_Problem statement_. Copy the listing below letter for letter, passing over each picture.

_Collected data_.

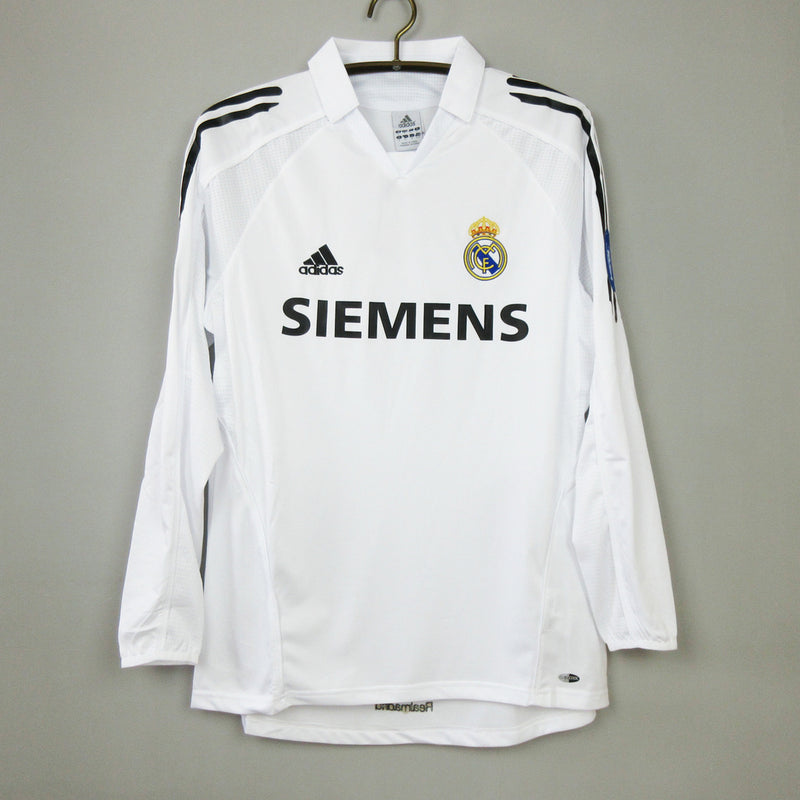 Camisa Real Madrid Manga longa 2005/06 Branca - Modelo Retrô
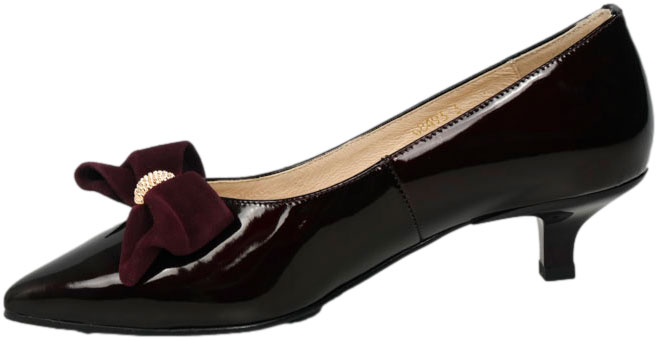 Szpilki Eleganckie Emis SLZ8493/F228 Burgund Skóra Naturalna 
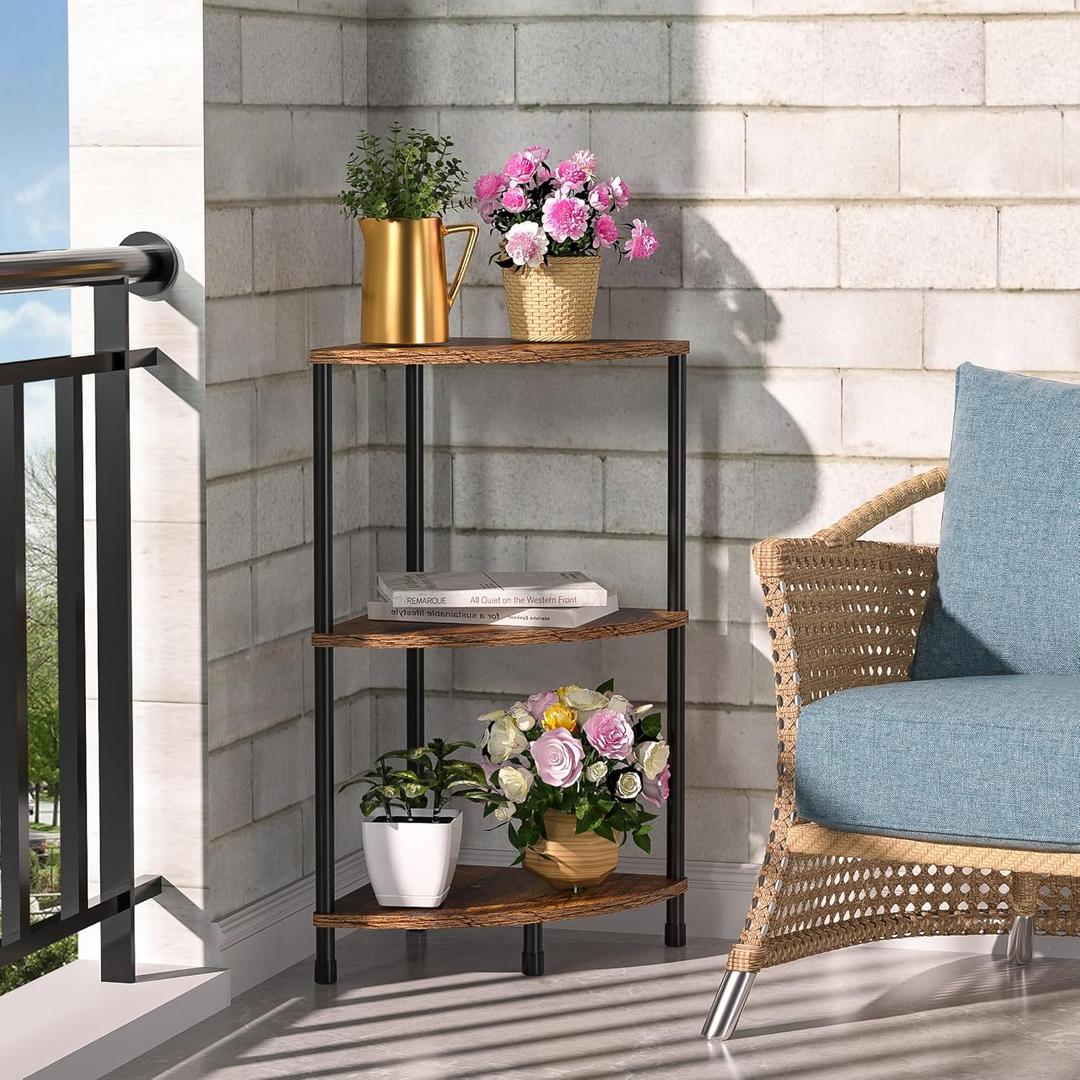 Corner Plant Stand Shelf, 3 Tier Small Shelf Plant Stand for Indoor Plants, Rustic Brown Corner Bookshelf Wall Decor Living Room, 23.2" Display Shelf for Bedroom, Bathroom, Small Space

_Answer for the task_.
 Camisa Real Madrid Manga longa 2005/06 Branca - Modelo Retrô
 Szpilki Eleganckie Emis SLZ8493/F228 Burgund Skóra Naturalna 
 Corner Plant Stand Shelf, 3 Tier Small Shelf Plant Stand for Indoor Plants, Rustic Brown Corner Bookshelf Wall Decor Living Room, 23.2" Display Shelf for Bedroom, Bathroom, Small Space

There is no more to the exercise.